▶ [The records]:
╭──

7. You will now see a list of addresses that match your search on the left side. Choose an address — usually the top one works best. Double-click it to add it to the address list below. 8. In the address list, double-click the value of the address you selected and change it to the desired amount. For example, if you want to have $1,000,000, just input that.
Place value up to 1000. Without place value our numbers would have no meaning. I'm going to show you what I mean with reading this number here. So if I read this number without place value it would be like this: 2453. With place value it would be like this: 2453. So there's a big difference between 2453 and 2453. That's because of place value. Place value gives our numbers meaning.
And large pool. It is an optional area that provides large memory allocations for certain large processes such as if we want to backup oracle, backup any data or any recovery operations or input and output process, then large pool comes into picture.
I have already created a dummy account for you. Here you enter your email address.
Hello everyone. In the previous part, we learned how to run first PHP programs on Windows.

╰──
╭──

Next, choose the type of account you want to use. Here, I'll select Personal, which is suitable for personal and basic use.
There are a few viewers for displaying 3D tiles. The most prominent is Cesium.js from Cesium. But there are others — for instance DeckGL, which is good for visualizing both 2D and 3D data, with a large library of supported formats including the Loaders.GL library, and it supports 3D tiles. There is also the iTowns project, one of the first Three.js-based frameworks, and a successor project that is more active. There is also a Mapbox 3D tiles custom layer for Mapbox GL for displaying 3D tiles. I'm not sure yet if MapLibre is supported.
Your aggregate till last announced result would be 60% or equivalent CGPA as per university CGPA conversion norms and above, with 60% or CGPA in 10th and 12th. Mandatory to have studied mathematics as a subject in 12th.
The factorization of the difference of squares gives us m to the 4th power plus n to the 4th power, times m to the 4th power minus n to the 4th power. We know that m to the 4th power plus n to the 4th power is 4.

╰──

Exact duplication is required for the lines above, from the line that contains "7. You will" to the line that contains "Hello everyone. In", inclusive; omit all others.

▶ [Result below]:
7. You will now see a list of addresses that match your search on the left side. Choose an address — usually the top one works best. Double-click it to add it to the address list below. 8. In the address list, double-click the value of the address you selected and change it to the desired amount. For example, if you want to have $1,000,000, just input that.
Place value up to 1000. Without place value our numbers would have no meaning. I'm going to show you what I mean with reading this number here. So if I read this number without place value it would be like this: 2453. With place value it would be like this: 2453. So there's a big difference between 2453 and 2453. That's because of place value. Place value gives our numbers meaning.
And large pool. It is an optional area that provides large memory allocations for certain large processes such as if we want to backup oracle, backup any data or any recovery operations or input and output process, then large pool comes into picture.
I have already created a dummy account for you. Here you enter your email address.
Hello everyone. In the previous part, we learned how to run first PHP programs on Windows.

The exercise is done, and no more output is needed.